Saturday, August 6, 2011

Beat the Back-to-School Jitters: Kim from Stories Lead the Way--Back To School Jitters - We All Have Them

Thanks to Kim from Stories Lead the Way for this post!

Back To School Jitters - We All Have Them

When August rolls around, everyone who is involved with the business of back to school gets the jitters. From school administration, to teachers, to parents and kids everyone gears up for the anticipation, worries and general excitement that a new year brings. Teachers ask themselves "Will I be able to handle the challenges of meeting all the needs of all my students who walk through the door?" Parents wonder "Will the teacher be good? Will they adore my child? Will they be able to handle my child's abilities?" Kids react differently. Some of them don't get too cooked up about back to school - it is just another day. While others need the right notebook, perfect outfit and all the accessories that they haul off to school in their backpacks.

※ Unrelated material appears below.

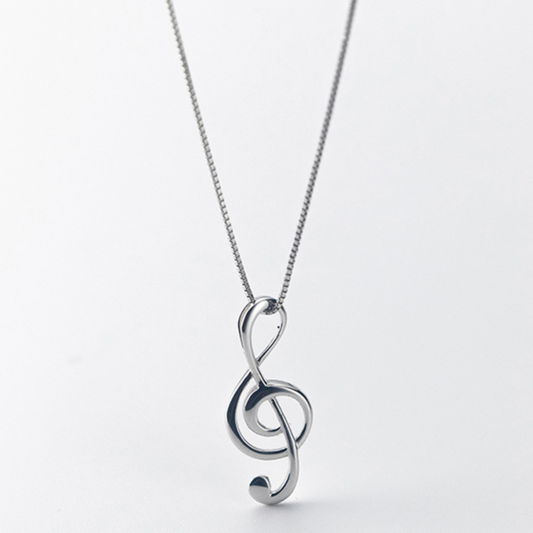 Treble Clef Pendant Necklace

For kids who are on the spectrum, there is so much more to think through when making a transition to a new classroom, with new kids, new teachers and new systems. This story is for parents who are facing these issues and hopefully will provide you with a few tips and tricks that will alleviate some of the jitters that you are feeling about dropping your sweet child off for another year of school.

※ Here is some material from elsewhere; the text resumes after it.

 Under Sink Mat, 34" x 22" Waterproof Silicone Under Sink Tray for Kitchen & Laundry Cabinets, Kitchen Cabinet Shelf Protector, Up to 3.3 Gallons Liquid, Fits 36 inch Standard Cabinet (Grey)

It's that time of the year when parents get the jitters about sending their child off to school. As a parent, you can handle your child and do a good job with them, but they need so much more. School is where they really learn about the world. They learn from other adults, kids and rich curriculum. It is where they become who they are, just like any other kid. It's okay to be concerned or worried a bit. That is natural. All parents worry about how their child will do in school. Go easy and have great faith in the professionals that will be working with your child. If you are concerned about something or have questions about certain things, ask them. It is a teacher's job to work with you as well and it has never been easier to stay in contact with them.

Here is an assignment for you:

1. If your child is new to a school, contact the school before school starts.
Communication is key and the staff at your child's school needs to know more about your child than what is written in their IEP. What do they like? What sets them off? What calms them down? Any trick that you use needs to be shared with the staff so that they can replicate what you do. It is a team effort and consistency is vital! Typically the resource/special education teacher would be the best place to start. Remember, the staff is back the week before school starts, so get on the phone or email right away if you haven't already.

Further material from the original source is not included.